+++ Study material +++

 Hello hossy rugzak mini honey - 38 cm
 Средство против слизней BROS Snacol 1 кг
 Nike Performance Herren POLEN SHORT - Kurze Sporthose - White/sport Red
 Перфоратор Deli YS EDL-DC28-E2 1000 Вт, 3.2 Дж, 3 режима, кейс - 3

+++
+++ Study material +++

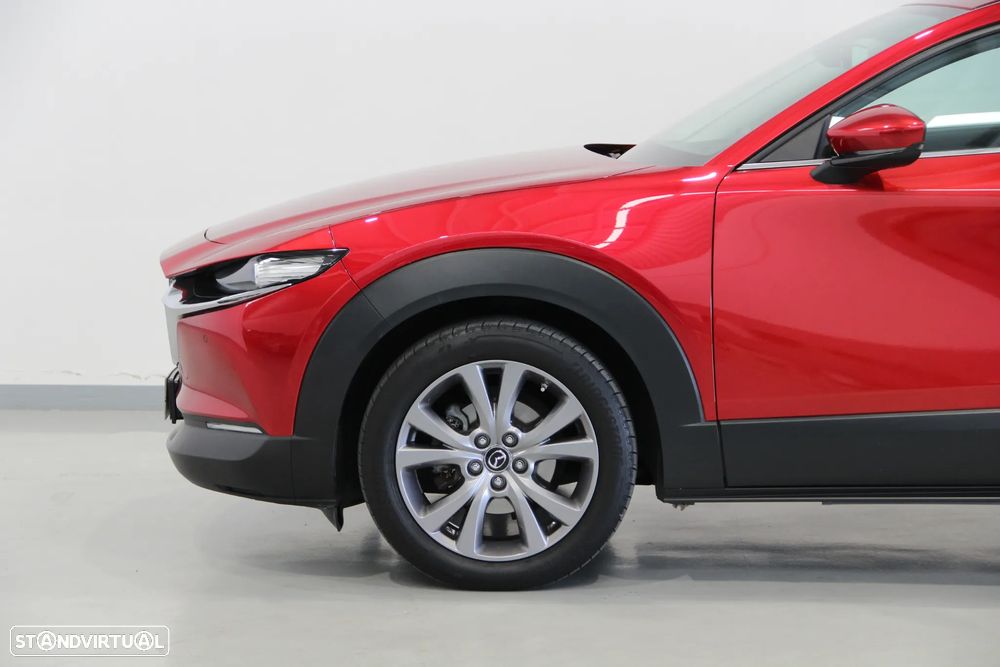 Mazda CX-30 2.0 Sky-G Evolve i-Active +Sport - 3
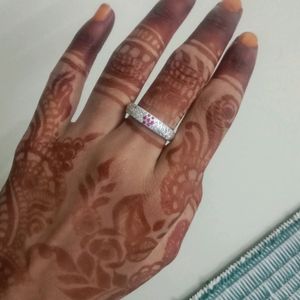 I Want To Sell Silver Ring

+++
+++ Study material +++

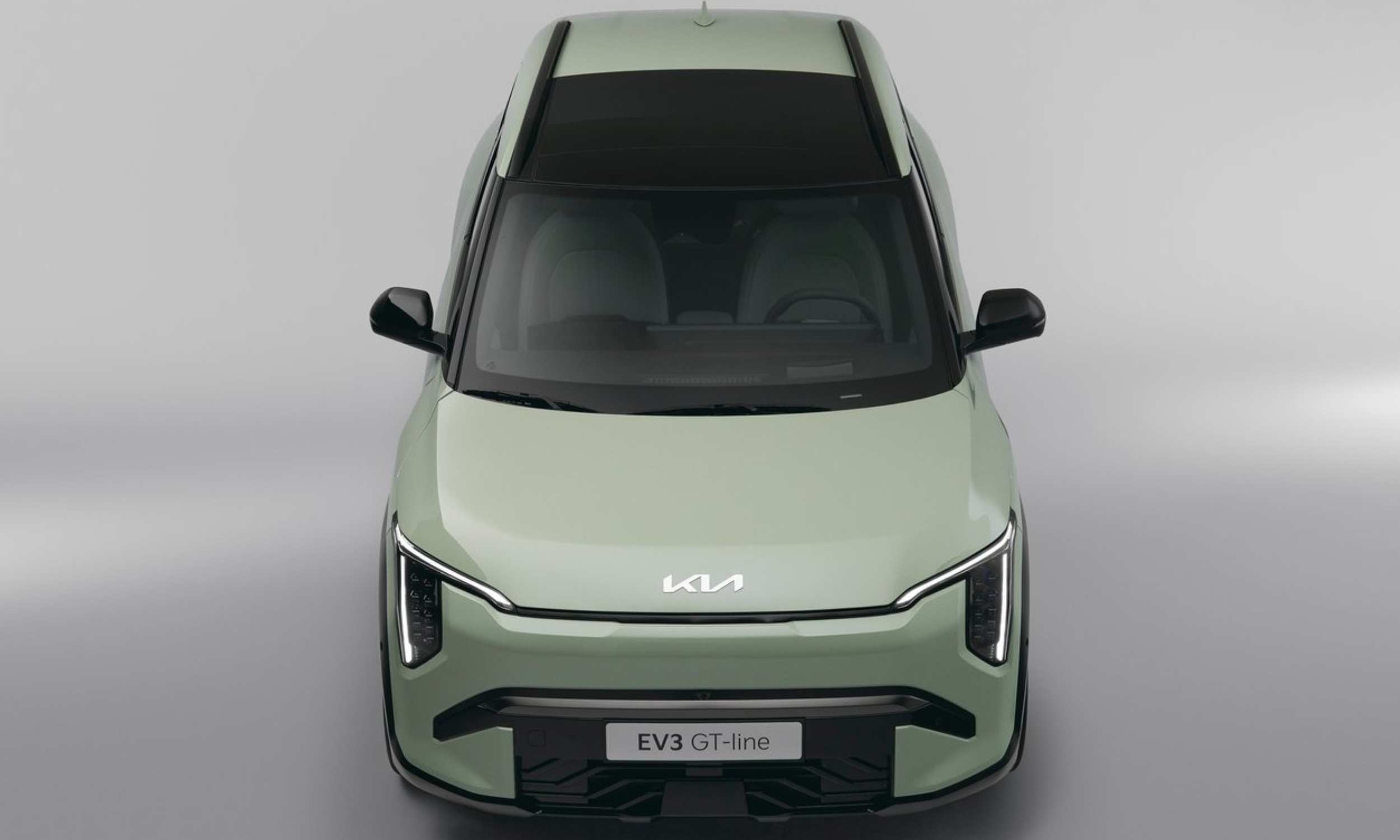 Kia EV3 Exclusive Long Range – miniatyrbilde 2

+++

— What the exercise asks —
Could you restate word for word the lines above from the one containing "Hello hossy rugzak mini honey - 38 cm" through the one containing "Перфоратор Deli YS", both included, and nothing else?

— Written answer —
 Hello hossy rugzak mini honey - 38 cm
 Средство против слизней BROS Snacol 1 кг
 Nike Performance Herren POLEN SHORT - Kurze Sporthose - White/sport Red
 Перфоратор Deli YS EDL-DC28-E2 1000 Вт, 3.2 Дж, 3 режима, кейс - 3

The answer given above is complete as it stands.